The trip to to Zella wasn't their first visit to a recording studio, according to Barry Dunnery. In an interview I held with the lead guitarist in 1998, the axe man stated that the band had actually recorded some tracks at London's Marquee Studios, but that the outcome was less than satisfactory. Several acetates were rumoured to have been cut, some even accompanied by mock sleeves, but sadly there is no evidence of anything having survived today. With things gathering pace, early '73 became a hectic period for the group, and in February, Necromandus were booked into London's Morgan Studios to lay down material for an album. Once again the sessions were overseen by Iommi, who produced the album and who also contributed some deft guitar work to what became the title track, 'Orexis Of Death'.

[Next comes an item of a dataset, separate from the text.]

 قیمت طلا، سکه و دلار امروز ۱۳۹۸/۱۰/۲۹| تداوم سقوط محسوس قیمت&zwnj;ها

The sessions went well with everyone pleased with the results. Iommi was able to use his considerable influence to gain a deal for them with Vertigo, who by then had already released four LPs by Sabbath. Tony's doomy prog-rock fledglings Necromandus were lined up as the next exciting young act to grace the already highly acclaimed label.
Interestingly enough, as they resumed live work, one of their gigs took place at Wormwood Scrubs!

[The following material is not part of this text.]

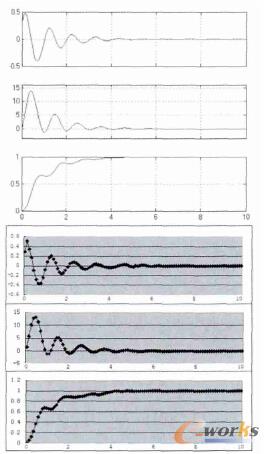 Simulink��PLC�\(y��n)�І�λ�A�S푑�(y��ng)��������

The following month, Necromandus were invited as set openers on a high-profile, prestigious UK tour by Black Sabbath. Also on the bill were Tony Kaye's Badger who, by all accounts, had more than a little difficulty following them. The tour began at Green's Playhouse in Glasgow on March 9th, and other notable venues included the Mayfair Ballroom in Birmingham and London's Rainbow Theatre. Reviews of Necromandus were largely favourable, with Melody Maker journalist Michael Oldfield saying they 'should go far', but rather curiously calling them 'a sort of Black Sabbath play Yes's greatest hits band!'
Meanwhile their album's release date was put back until late April, but they followed up their successful tour backing Sabbath with a solo tour of clubs and colleges throughout the land. Unbeknown to many of you, one of these gigs, at the Casino, Blackpool, was privately recorded on 30th March and thirty two years later, its release on CD has finally become possible.
By high summer '73, there was still no sign of the album, despite reports in the music press that it had been due to hit the racks as early as March. At this time, Sabbath were at their peak, and their workload - enormous, they were also spending an ever-increasing amount of time outside of Britain and had largely relocated to the States. With Tony Iommi unable to dedicate himself continually to all of the managerial commitments necessary to ensure that Necromandus's affairs ran smoothly, it was inevitable that something had to give. The impetus of promoting the LP was lost. But it didn't end there. Tony's massive obligations to Sabbath resulted in the agency closing down too.
With frustration obviously running high within the band, Necromandus carried on regardless, hopeful that things would right themselves soon.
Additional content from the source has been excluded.